Make it last no more than 10 minutes

Photography  Delina Goxho

Photography Delina Goxho

To be constantly on the verge of burnout, but never quite there: brief story of a low-key breakdown.


By Delina Goxho


The list of trinkets is long – fairy lights naturally being the most crucial – then a new shower gel that smells of Iranian roses, a facemask, organic granola, pink Himalayan salt, Chanel lipstick (the irony!), pillows with golden pillowcases, earrings, fancy coffee (it’s a treat) some new blankets and an iPad (it’s all a treat). 

My left eyebrow jumps up when I say it’s ok, it’s fine really, just stressed, I have a lot of work these days and then I forgot to wear gloves earlier and was on calls for a few hours, then got home and forgot to moisturise and now my lips are burning. I can’t smile very well (but I can’t cry that well either). 

I can however wrap my hands in sterile bandages, and as the skin cracks, I feel like that pilot in Dresden who thought that he was doing it all for the right reasons, self-assured, satisfied, decisive, just needing  to get it done.

You look at me, we know it’s coming but in lockdown, in cold and darkness, it’s harder to fight it. And so I now own innumerable candles, reeking of different stages of solitude, jasmine, and possibly salted caramel? You wouldn’t believe it, but it’s very reassuring.
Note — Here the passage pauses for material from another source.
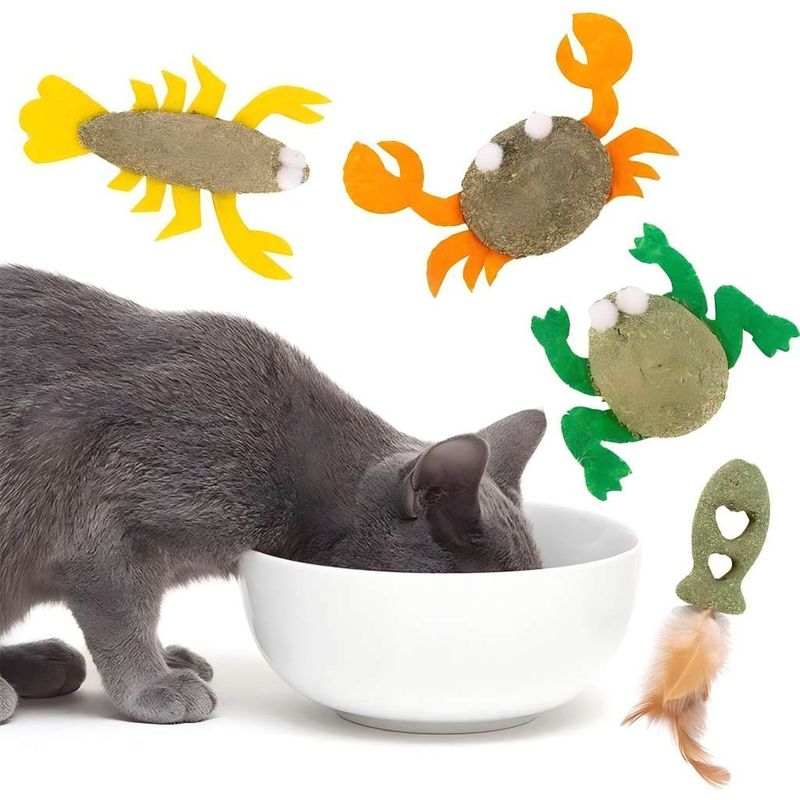 LovuPet Jouet de nettoyage des dents pour chat, balle à l'herbe à chat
Like a massive grave of an apartment on the 4th floor of a former sheet warehouse with only me inside, typing and telling the phone that I’ll have a wonderful time over Christmas, I promise! I say I won’t bring work, that would just be crazy (I say as I stack piles of fine printed paper in that secret little pocket of my Ikea backpack). 
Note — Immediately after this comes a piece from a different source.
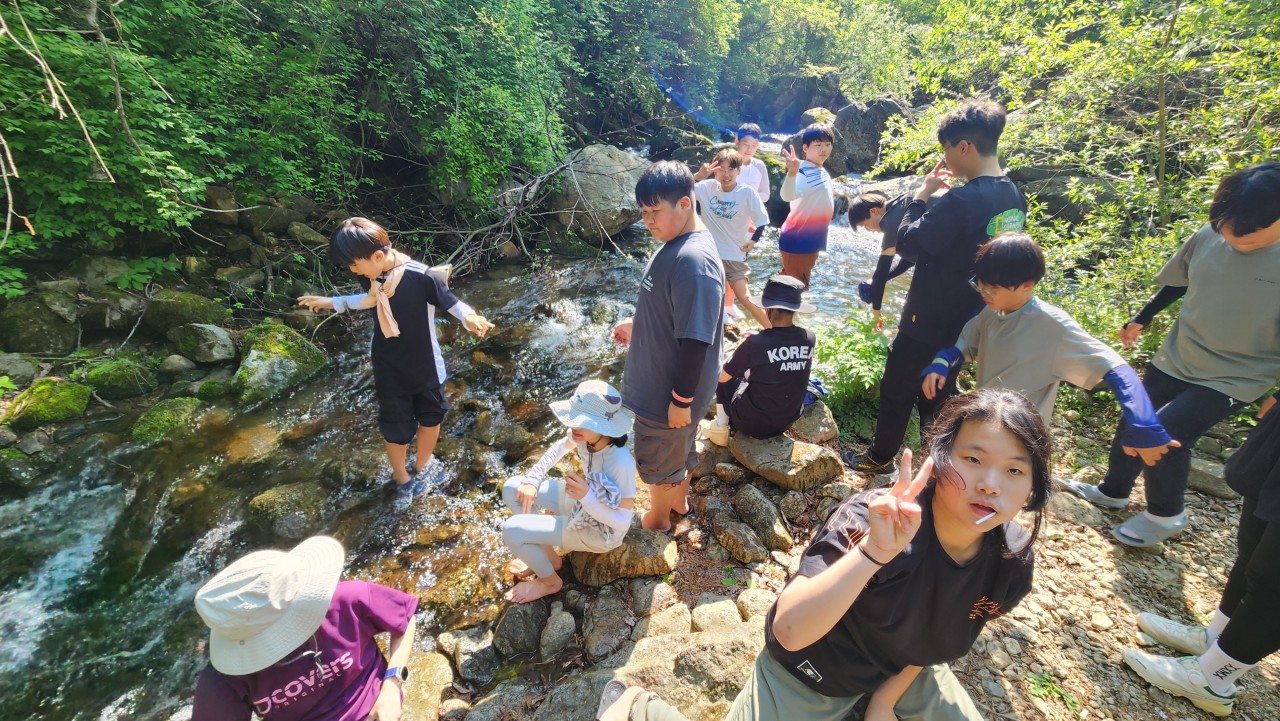 사용자가 올린 이미지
Constantly on the verge of burnout, but never quite there, fingers tingling — and this low-key exhaustion is only low-key after all, nothing to truly worry about. The whole mental health conversation is turning into a thing, that’s what my mum says because she doesn’t believe that it was a thing before. Some afternoons it makes no sense to get home and have soup and feel healthy, nor does it make sense to have cake and feel guilty, so I just stand there, next to the cigarette-packet corner store on Louise, endlessly scrolling and ending up feeling guilty anyway. That’s exactly when the little refrain starts to dance around my brain like a dusty Christmas decoration and it now has a name – it is a bit of a portmanteau name – it’s called Coping Mechanism, which feels fake, like a surrogate expression. I need to chase this little fake thing away, so that I can feel whole again — because we only get one life and so many in this world don’t have homes and warmth and food and company.  Like that time that we fought on the phone over some pretty vital topic and you were a complete idiot and I hung up and in retrospect I should have just dealt with it, been sad, gotten really drunk maybe I don’t know, cheated, but instead, 10 minutes had passed and I had decided that life was too short to get angry over something so vital. So now that vital something keeps lurking and it is still vital and I keep it there because I have a home and warmth and food and company and. 
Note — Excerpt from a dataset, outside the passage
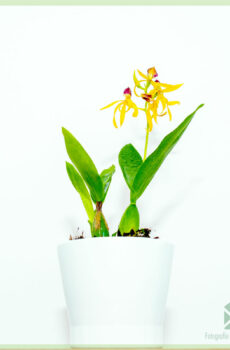 Encyclia Octopussy Orchidee kopen en verzorgen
Lockdown #2, the Unexpected Lockdown, is exactly like this low-key burnout; here in Brussels some shops are open but not all and not all the time. We can go to a few museums, provided that we are distant, very distant and also not all of them are open and not all the time anyway. This friend told me the other day that the first thing she will do as soon as we are back to the future, will be to get drunk, go to a concert and jump up and down for hours and smell other people’s breath in her breath. And be disgusted but in a sweet way.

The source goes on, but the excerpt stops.